Глава XLIV. ИЗГНАНИЕ

С октября наступила в нашем положении резкая перемена. Наши связи с единомышленниками, друзьями, даже родными в Москве, сразу прекратились, письма и телеграммы совершенно перестали доходить. На московском телеграфе, как мы узнали особыми путями, скоплялись многие сотни адресованных мне телеграмм, особенно в день годовщины октябрьского переворота. Кольцо вокруг нас сжималось все теснее.

В течение 1928 г. оппозиция, несмотря на необузданную травлю, явно росла, особенно на крупных промышленных предприятиях. Это привело к усугублению репрессий, и в частности к полному прекращению переписки ссыльных даже между собою. Мы ждали, что за этим последуют дальнейшие меры того же порядка, и мы не ошиблись.

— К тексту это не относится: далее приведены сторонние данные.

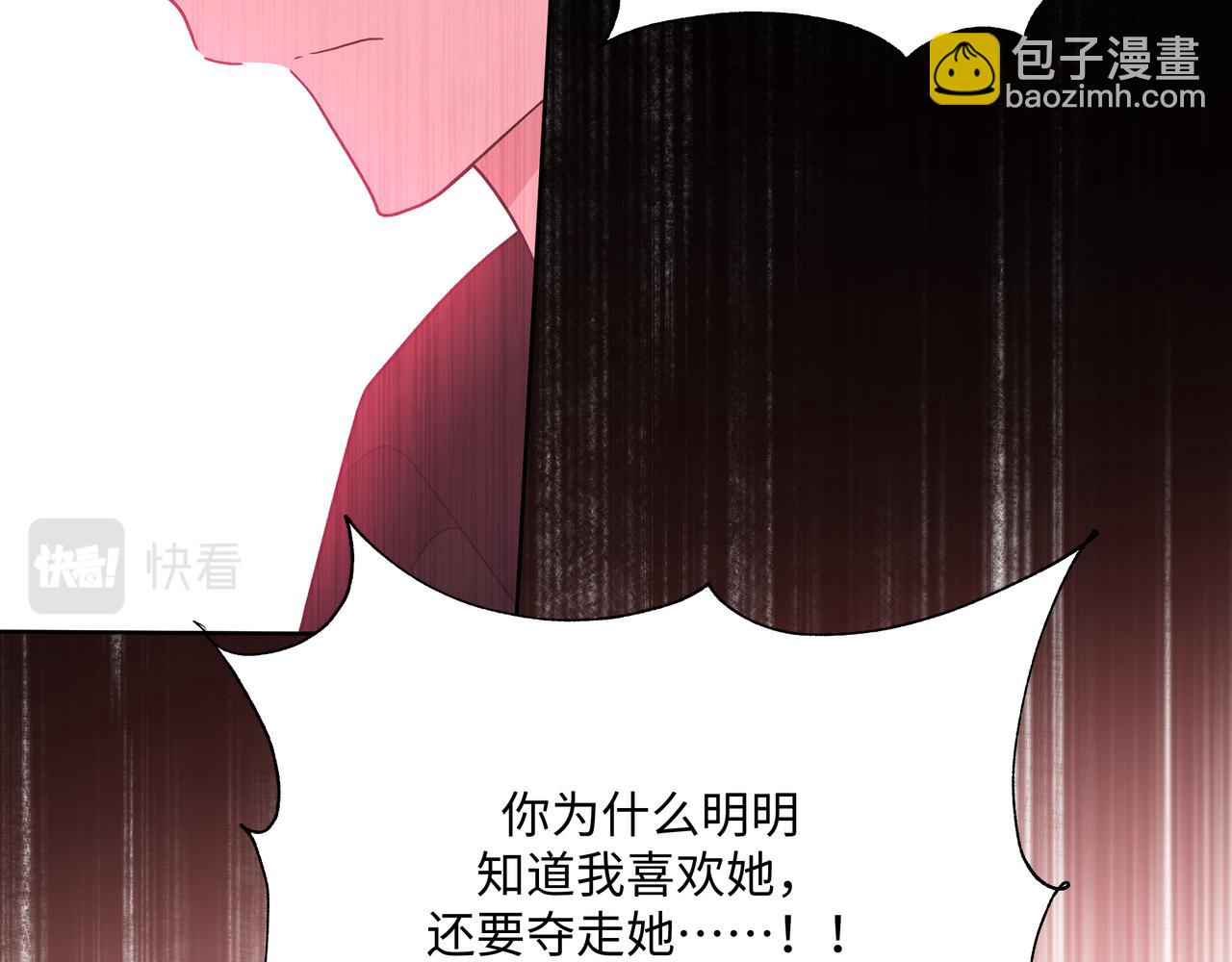 第89话 绝对不会26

16 декабря прибывший из Москвы специальный уполномоченный ГПУ передал мне от имени этого учреждения ультиматум: прекратить руководство борьбой оппозиции во избежание таких мер, которые должны будут меня "изолировать от политической жизни". Вопрос о высылке за границу при этом не ставился -- речь, насколько я понимал, шла о мерах внутреннего порядка. Я ответил на этот "ультиматум" письмом на имя ЦК партии и президиума Коминтерна. Считаю нужным привести здесь основную часть этого письма:

"Сегодня, 16 декабря, уполномоченный коллегии ГПУ Волынский предъявил мне от имени этой коллегии в устной форме нижеследующий ультиматум:

"Работа ваших единомышленников в стране -- так почти дословно заявил он -- приняла за последнее время явно контрреволюционный характер; условия, в которые вы поставлены в Алма-Ата, дают вам полную возможность руководить этой работой; ввиду этого коллегия ГПУ решила потребовать от вас категорического обязательства прекратить вашу деятельность, -- иначе коллегия окажется вынужденной изменить условия вашего существования в смысле полной изоляции вас от политической жизни, в связи с чем встанет также вопрос о перемене места вашего жительства".

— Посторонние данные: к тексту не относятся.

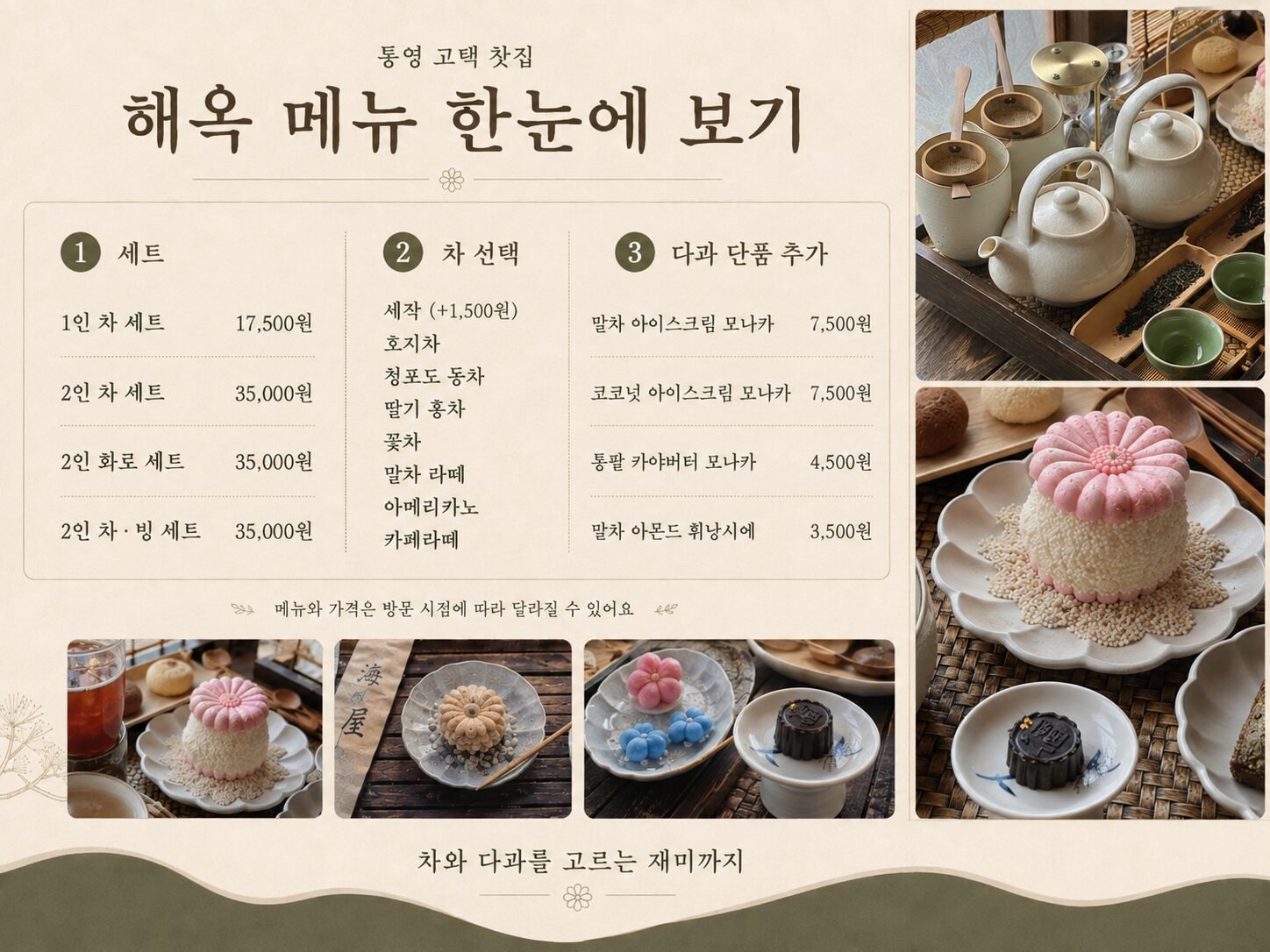 통영 카페 해옥, 1936년 고택에서 즐긴 전통다과와 차 - 1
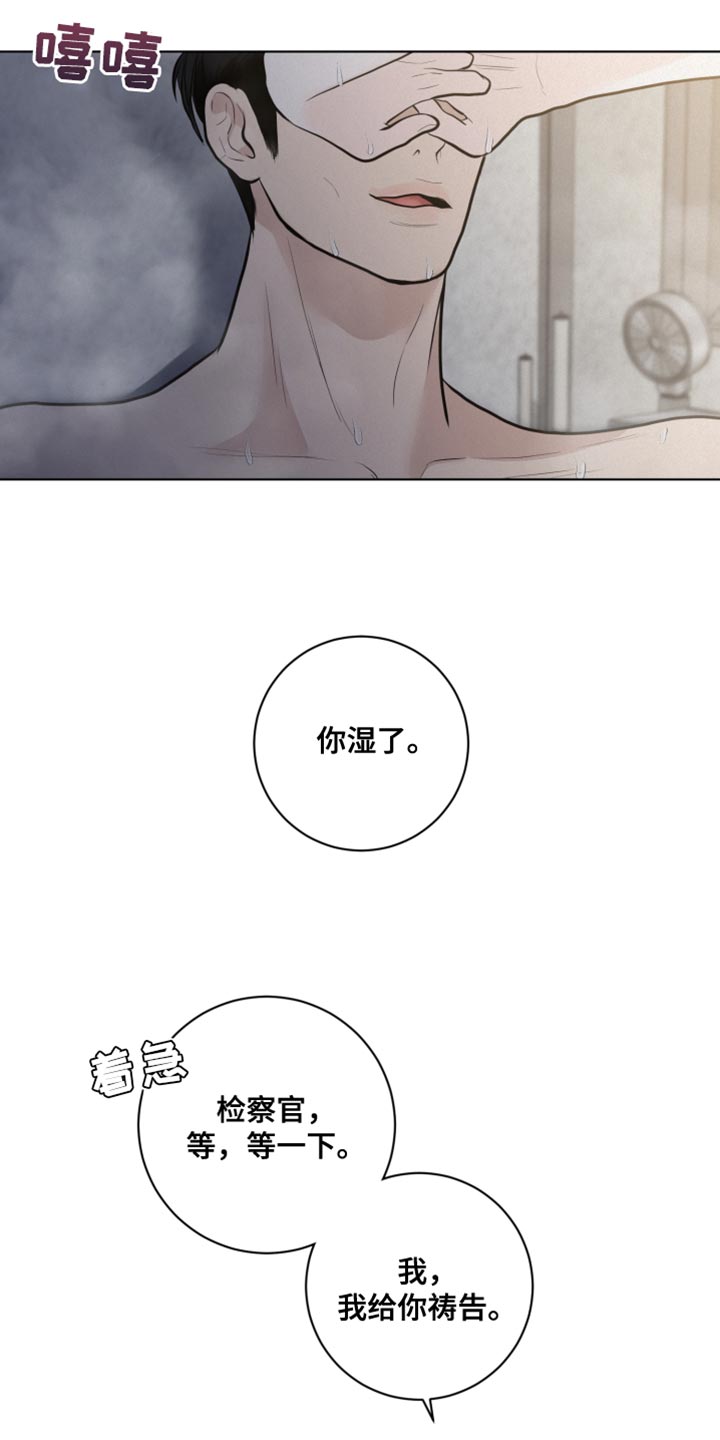 《无味地狱》漫画最新章节第35章：生命之路免费下拉式在线观看章节第【12】张图片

Я заявил уполномоченному ГПУ, что могу дать только письменный ответ в случае получения от него письменной же формулировки ультиматума ГПУ. Отказ мой от устного ответа вызывался уверенностью, опирающейся на все прошлое, что слова мои будут снова злостно искажены для введения в заблуждение трудящихся масс СССР и всего мира.

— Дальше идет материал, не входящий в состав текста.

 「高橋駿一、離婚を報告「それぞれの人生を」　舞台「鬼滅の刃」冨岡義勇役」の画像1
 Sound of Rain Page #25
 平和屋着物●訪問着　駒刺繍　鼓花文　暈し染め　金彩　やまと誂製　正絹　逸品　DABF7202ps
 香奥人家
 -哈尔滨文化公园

Независимо, однако, от того, как поступит в дальнейшем коллегия ОГПУ, не играющая в этом деле самостоятельной роли, а лишь технически выполняющая старое и давно мне известное решение узкой фракции Сталина, считаю необходимым довести до сведения ЦК ВКП и Исполкома Коминтерна нижеследующее:

Предъявленное мне требование отказаться от политической деятельности означает требование отречения от борьбы за интересы международного пролетариата, которую я веду без перерыва тридцать два года, то есть в течение всей своей сознательной жизни. Попытка представить эту деятельность, как "контрреволюционную" исходит от тех, которых я обвиняю пред лицом международного пролетариата в попрании основ учения Маркса и Ленина, в нарушении исторических интересов мировой революции, в разрыве с традициями и заветами Октября, в бессознательной, но тем более угрожающей подготовке термидора.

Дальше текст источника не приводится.